Apologies, busy day caught up with me. I did a bit of poking at the XML structure and it’s a bit unclear as to what you’re looking for in there since I’m not sure the XPaths actually match up with the structure of release
, so sorry about not having much in the way of example code. But to give a tl;dr on the way that SAX in general works with elixir, the idea is that it’s a recursive-ish function that carries on some additional state. A special cased-reduce, if you will.
So
def handle_event(:start_element, {name, attributes}, state) do
IO.inspect("Start parsing element #{name} with attributes #{inspect(attributes)}")
{:ok, [{:start_element, name, attributes} | state]}
end
In this function specifically, you’re saying “append on the 3-tuple of start_element, name, and attributes to the head of the state list” with [{:start_element, name, attributes} | state]}
. That’s why Saxy runs out of memory. If you want to look at only a specific tag, you’ll have to do some filtering. For example (illustrative only)
def handle_event(:start_element, {name, attributes}, state) do
if name == "release" do
{:ok, %{state | in_release: true }}
else
{:ok, state}
end
end
state
in the above example doesn’t have to be a list, it can be anything at all, just like Enum.reduce
.
That said, I tried throwing some solutions at your particular problem and I think this is one of those situations where I’m going to have to be more vague than I’d like-- with a 72GB file, you’re going to have to figure out some engineering to get the data transformed in a reasonable amount of time, or pull in some rust via rustler to really let the CPU rip. Even when swapping out Saxy (the fastest XML parser when I tested my declarative XML parsing lib GitHub - ducharmemp/saxaboom, check the benchmarks) for fast_xml, I was still looking at multiple tens of minutes to basically do no real work. Script below for completeness
Mix.install([:fast_xml])
defmodule CSVHandler do
use GenServer
@impl true
def init(fname) do
{:ok, File.open!(fname, [:write])}
end
# really rough, I wouldn't recommend productionizing this
@impl true
def handle_info({:"$gen_event", {:xmlstreamelement, {:xmlel, tag, attrs, children}}}, state) do
IO.puts(state, tag) # This only writes the release tag name as a vague gauge of how far we've come in the file
{:noreply, state}
end
@impl true
def handle_info(arg, state) do
{:noreply, state}
end
end
{:ok, handler} = GenServer.start_link(CSVHandler, "out.csv")

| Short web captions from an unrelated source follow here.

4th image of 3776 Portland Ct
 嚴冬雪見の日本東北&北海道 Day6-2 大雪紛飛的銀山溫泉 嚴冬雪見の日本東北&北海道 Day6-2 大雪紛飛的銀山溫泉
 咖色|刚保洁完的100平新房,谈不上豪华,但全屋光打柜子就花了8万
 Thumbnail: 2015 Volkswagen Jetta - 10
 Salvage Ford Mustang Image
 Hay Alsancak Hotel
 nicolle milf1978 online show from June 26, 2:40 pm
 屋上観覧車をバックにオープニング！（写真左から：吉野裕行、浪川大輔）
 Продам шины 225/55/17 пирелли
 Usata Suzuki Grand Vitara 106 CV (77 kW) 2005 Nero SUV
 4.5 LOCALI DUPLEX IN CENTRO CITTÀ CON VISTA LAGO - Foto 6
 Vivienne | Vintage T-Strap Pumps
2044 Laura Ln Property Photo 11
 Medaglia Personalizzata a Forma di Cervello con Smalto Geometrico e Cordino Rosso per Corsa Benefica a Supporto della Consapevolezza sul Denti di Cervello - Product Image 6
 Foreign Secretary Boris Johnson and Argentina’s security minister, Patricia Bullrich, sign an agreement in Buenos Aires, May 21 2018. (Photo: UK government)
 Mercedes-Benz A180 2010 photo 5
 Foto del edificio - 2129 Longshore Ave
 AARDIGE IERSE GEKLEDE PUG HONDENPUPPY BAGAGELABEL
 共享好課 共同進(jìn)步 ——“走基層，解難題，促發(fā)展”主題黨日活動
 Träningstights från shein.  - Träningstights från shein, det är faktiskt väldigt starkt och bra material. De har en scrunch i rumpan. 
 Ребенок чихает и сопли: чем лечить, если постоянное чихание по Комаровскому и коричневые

stream_parser = :fxml_stream.new(handler)
File.stream!("./discogs_20231001_releases.xml")
|> Enum.reduce(stream_parser, fn chunk, parser -> :fxml_stream.parse(parser, chunk) end)
Also just to do my due diligence-- I’d actually recommend against using my library that I posted above if you want to expand out this parser to hold more data. Looking at the data overall, it really seems like you need a home rolled solution, and on top of that my lib doesn’t support streaming out data.